Simply put, innovation comes in two basic flavors, incremental and breakthrough.

Incremental innovation is characterized by linear processes based on analyzing the situation, identifying the gap between what is and what should be and then developing solutions to close the gap.

Breakthrough innovation does not appear to follow a process, but rather leaps of faith. Breakthrough solutions just seem to appear or to be the venue of particular individuals in the company to whom few would entrust the organization’s future.

Neither type of innovation is intrinsically better or worse than the other.

The key to developing an organization’s capacity for innovation is in developing high levels of competency in both processes, much like the best problem solvers have figured out how to effectively use both sides of their brain.

However, for a specific situation, problem, or challenge, applying the appropriate innovation process is critical. Incremental approaches work well in stable environments, but in times of great change – and we are living in a time of great change – breakthrough innovation is often required to survive the chaos.

And that creates a paradox for most manufacturers. The majority of manufacturing personnel, engineers and operations mangers are biased or wired to favor incremental innovation. They prefer stability, standardization, predictability, calculated risks and control.

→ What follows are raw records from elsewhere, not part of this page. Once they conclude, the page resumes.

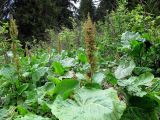 Rumex alpinus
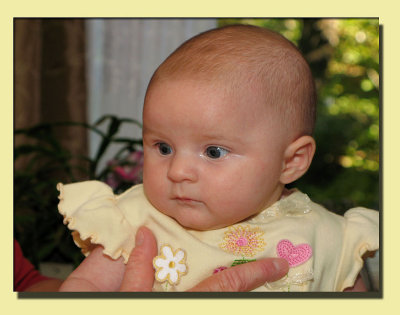 A New Baby Girl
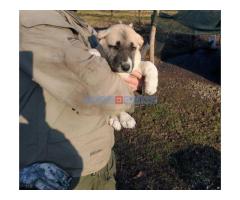 Turski kangal,prvobirano žensko štene - Fotografija 4/5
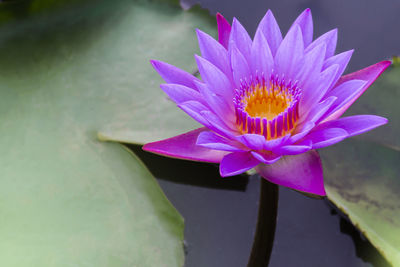 Close-up of lotus water lily in pond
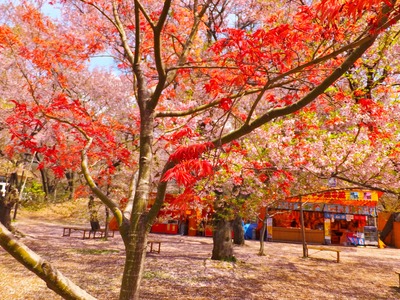桜のなかに赤枝垂れのモミジが・・・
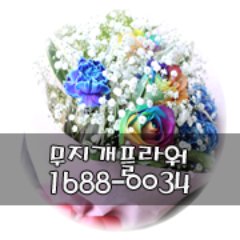 무지개플라워 전화 : 1688-0034 경조사화환/화분/꽃다발/동서양란등 특가판매 토,일요일 예약배송 주문 부터 배송까지 전국 어디든지 2~3시간 . 세금계산서가능
#맞팔
#축하화환 #근조화환 #동양란 #서양란 #개업 #결혼식 #장례식 #승진
#전근 #돌잔치 #꽃배달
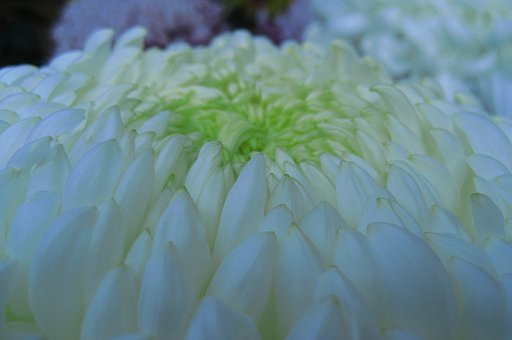 【記】菊の色
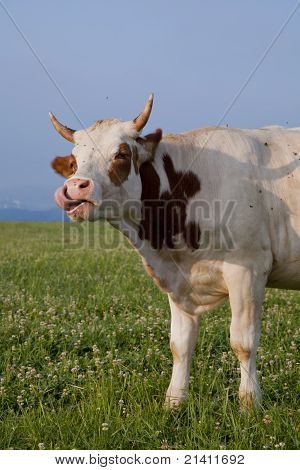 krowa na łące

But when the organization is under stress, the more likely it is to approach problems with an even more robust incremental approach – more research, more analysis, and more control when exactly the opposite is needed. It is impossible to move from incremental to breakthrough innovation by just pushing harder or doing more.

The two processes do not lie on a continuum. They require radically different approaches.

Increasing an organization’s capacity for breakthrough innovation is determined more by what an organization does not do than by what it does. Without being glib, the way to increase an organization’s capacity for innovation is to remove the individual behavior, policies and practices that inhibit innovation – to break some very ingrained personal and organizational habits.

It is similar to making coldness. It is impossible to make coldness by trying to make coldness. The way to make coldness is to remove heat. The way to make innovation is to remove "un-innovation".

Although there are a number of highly sophisticated tools to help break inhibiting habits, mastering a single "blocking and tackling" technique can dramatically improve an organization’s capacity for innovation. That technique is to always challenge assumptions. Every organization and every person makes decisions based on sets of assumptions, many of which they are not even aware of.

Most of these assumptions are historic assumptions that were valid at one point in time but no longer are because the conditions surrounding them have dramatically changed.

Examples: "We are a manufacturing company; our customers value our quality above all else." "That customer would never leave us." "They are not our competitor." "This is the way you do it."

These are common unspoken assumptions that can block an organization’s capacity for real innovation.

The following techniques are ways to help organizations challenge their assumptions.

Make the assumptions explicit. When developing a plan, solving a problem or designing a solution, consider making the assumptions explicit and documenting them. Then have a diverse team challenge each one of them to determine whether they are valid or just "ancestor worship." Continue to validate the assumptions as the project progresses.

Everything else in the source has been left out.